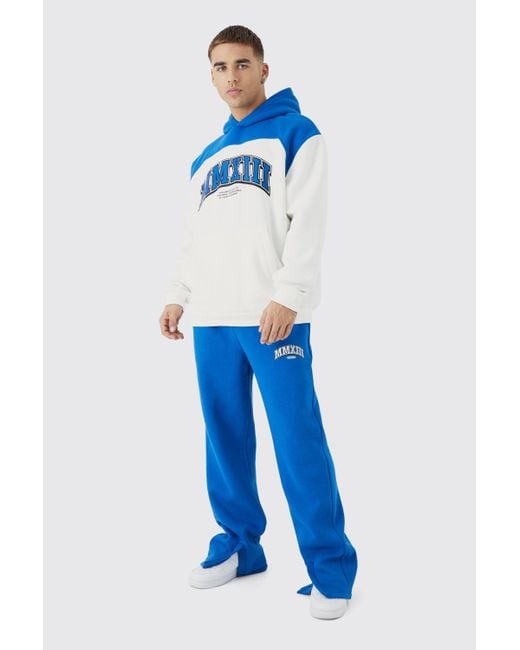 BoohooMAN Blue Oversized Colour Block Mmxiii Hooded Tracksuit for men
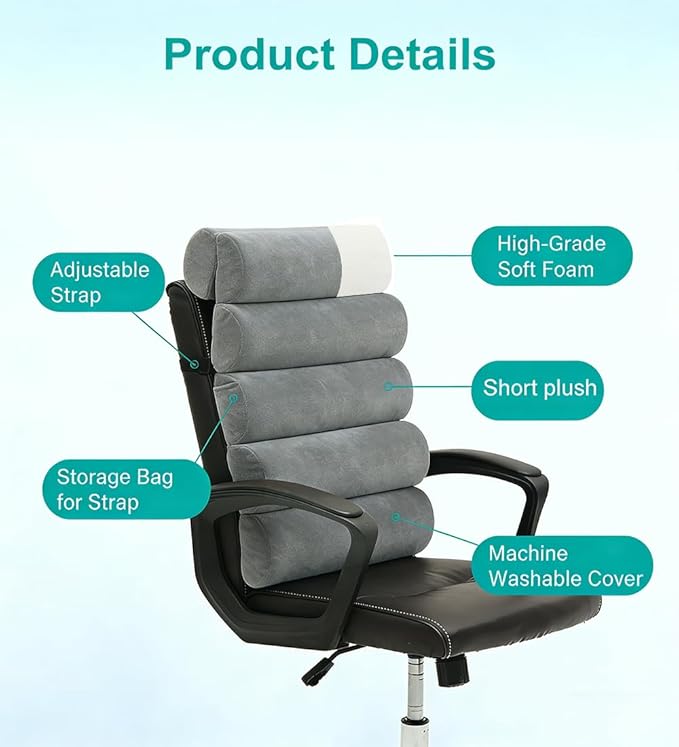 Lumbar Support Pillow for Office Chair,Computer/Desk Chair/Couch,Sitting on Bed,Back Support Adjustable for Chair,Patented 6-fold semicircular Back Cushion (Short Velvet Cover)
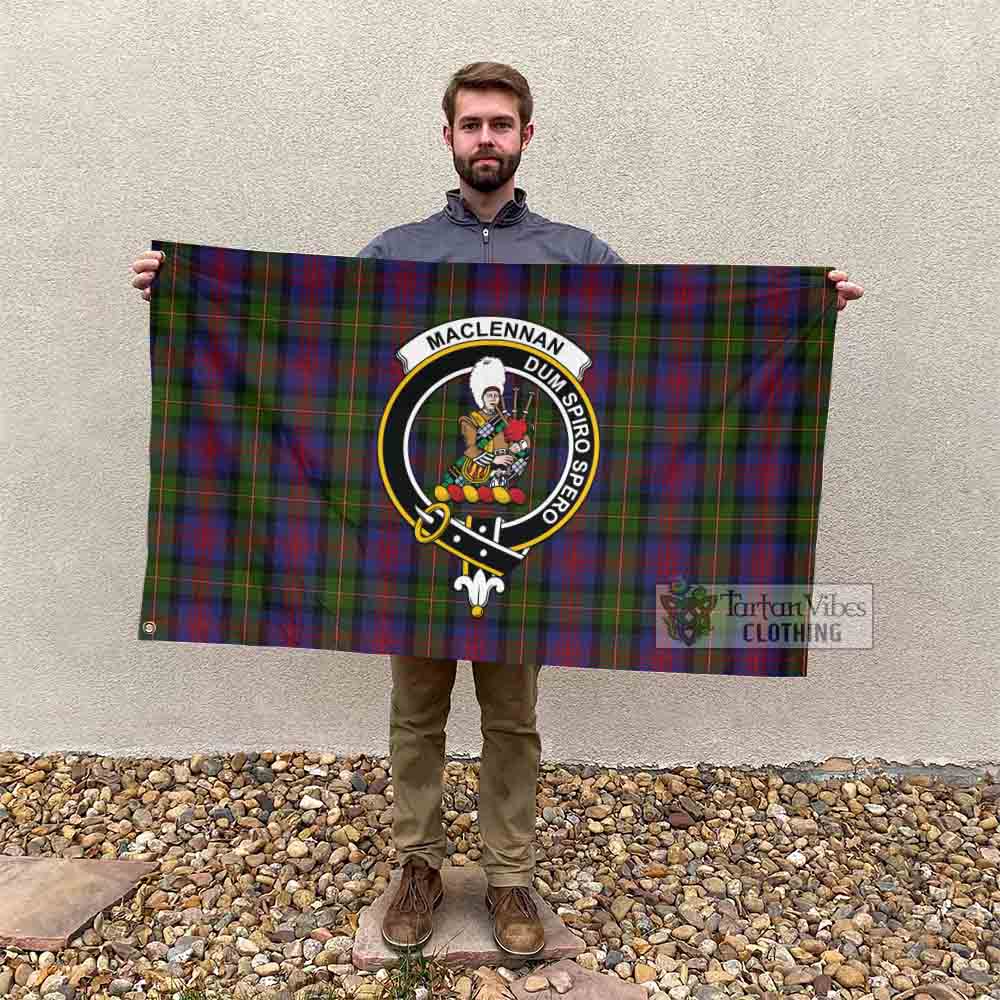 Tartan Vibes Clothing MacLennan (McLennan) Tartan House Flag with Family Crest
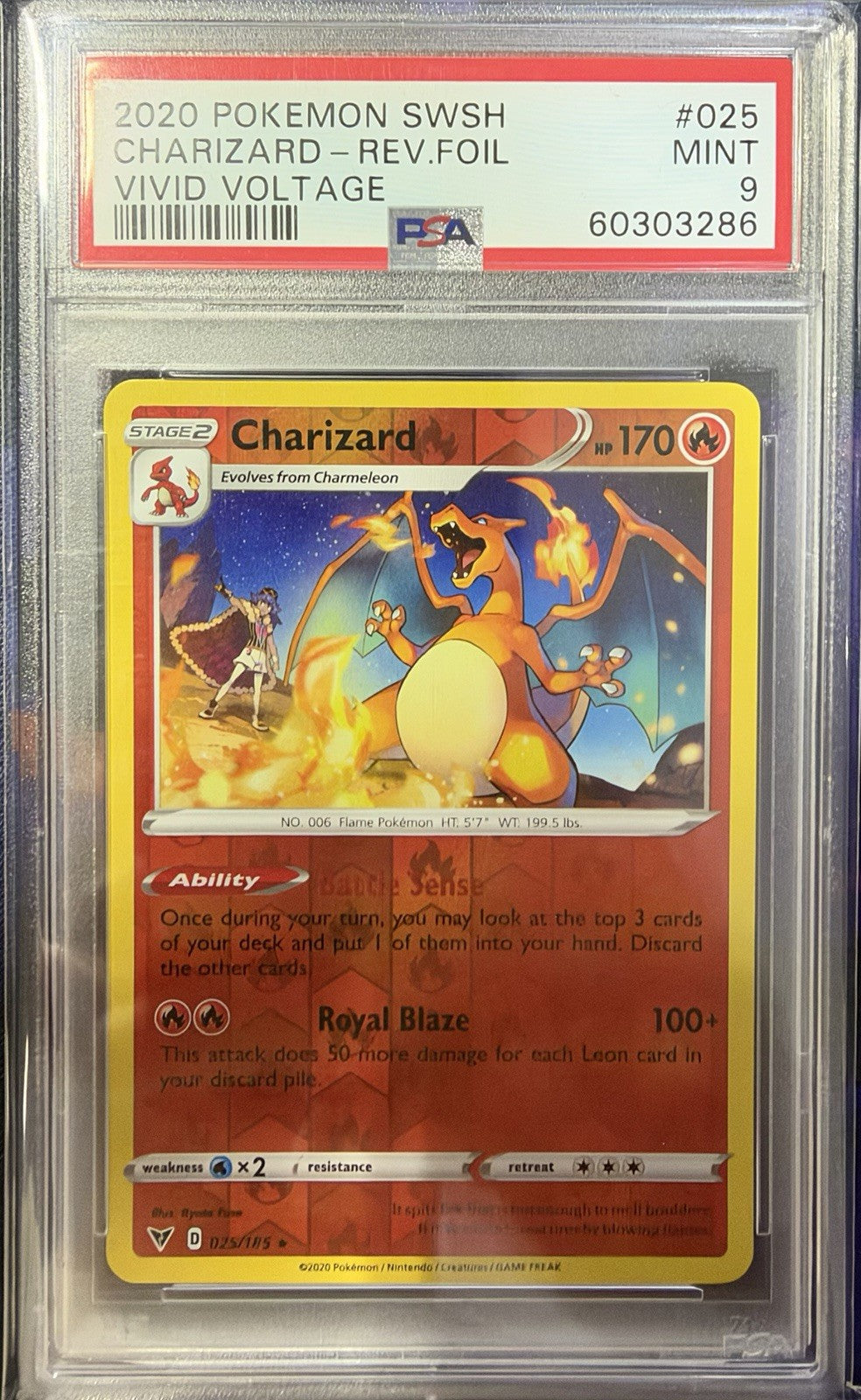 2020 Pokémon Sword/Shield Vivid Voltage Charizard Reverse Foil PSA 9 MINT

*Description of the task*:
Print the material again word for word. Please drop every picture.

*Task solution*:
 BoohooMAN Blue Oversized Colour Block Mmxiii Hooded Tracksuit for men
 Lumbar Support Pillow for Office Chair,Computer/Desk Chair/Couch,Sitting on Bed,Back Support Adjustable for Chair,Patented 6-fold semicircular Back Cushion (Short Velvet Cover)
 Tartan Vibes Clothing MacLennan (McLennan) Tartan House Flag with Family Crest
 2020 Pokémon Sword/Shield Vivid Voltage Charizard Reverse Foil PSA 9 MINT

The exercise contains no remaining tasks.